I cut coupons. I download them, too. Sometimes I even upload them onto one of the (several) dreaded loyalty cards I begrudgingly possess. I won’t lie; I also seek out the youngest cashier in the store with the fleeting hope she/he will override the three or four coupons I try to sneak in when I know I have not bought the allotted amount of items (see things I hate; I do not attempt this at self check out lanes). But I am what I would like to think of as a courteous couponer. I offer customers with significantly less items than I a chance to go before me. I hurry the hell up with my coupons and have them somewhat organized. I would never allow an innocent customer standing in line behind me unload their entire cart without forewarning them if I planned on using 80 coupons.

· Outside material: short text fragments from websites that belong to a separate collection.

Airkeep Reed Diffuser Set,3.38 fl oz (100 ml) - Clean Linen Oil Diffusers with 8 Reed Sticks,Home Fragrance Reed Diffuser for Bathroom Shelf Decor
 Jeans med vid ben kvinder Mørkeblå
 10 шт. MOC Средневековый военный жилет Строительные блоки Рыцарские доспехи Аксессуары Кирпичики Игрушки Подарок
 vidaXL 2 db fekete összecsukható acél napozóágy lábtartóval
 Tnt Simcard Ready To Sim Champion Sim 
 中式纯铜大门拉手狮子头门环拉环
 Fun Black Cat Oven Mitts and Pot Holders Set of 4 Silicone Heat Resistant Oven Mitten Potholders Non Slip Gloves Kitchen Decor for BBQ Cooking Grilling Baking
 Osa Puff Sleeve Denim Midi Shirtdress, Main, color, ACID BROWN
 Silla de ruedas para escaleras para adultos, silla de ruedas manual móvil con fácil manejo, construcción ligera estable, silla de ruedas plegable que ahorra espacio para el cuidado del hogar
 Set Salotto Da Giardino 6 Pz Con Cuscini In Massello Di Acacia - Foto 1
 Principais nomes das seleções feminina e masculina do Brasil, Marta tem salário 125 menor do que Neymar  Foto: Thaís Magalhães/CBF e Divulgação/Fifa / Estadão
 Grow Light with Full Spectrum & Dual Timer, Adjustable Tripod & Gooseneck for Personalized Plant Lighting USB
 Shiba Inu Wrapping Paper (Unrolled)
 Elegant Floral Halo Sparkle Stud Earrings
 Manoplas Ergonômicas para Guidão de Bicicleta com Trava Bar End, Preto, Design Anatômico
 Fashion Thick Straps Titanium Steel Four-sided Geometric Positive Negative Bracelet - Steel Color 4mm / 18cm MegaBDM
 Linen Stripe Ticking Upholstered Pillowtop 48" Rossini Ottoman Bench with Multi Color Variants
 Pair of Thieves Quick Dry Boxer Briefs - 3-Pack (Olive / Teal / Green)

I have never handed a cashier 80 coupons. But I sure as hell stood in line behind somebody who did. Let me set up this scenario. The husband just had surgery on his elbow because of tendonitis. This, I am sure, will elicit a multitude of future posts seeing as though he is off work for the next THREE months. At home. All the time. So day one, after surgery, I drove him and his bedroom eyes to fill a prescription for even more bedroom eye pills. I am quite proud of my supermarket sweeping abilities and took advantage of the 20 minutes I was allotted for fill time to take a quick trip through the store. I filled the cart, then scoured the three open checkout lanes closest to the pharmacy. The self check out lanes at this particular store are only located by the entrance not close to the pharmacy, which is just as well because Meijer self check out lanes fucking suck. I prefer the turnstile type bagging over the error filled conveyer belt lanes. I will self bag at Kroger; not at Meijer.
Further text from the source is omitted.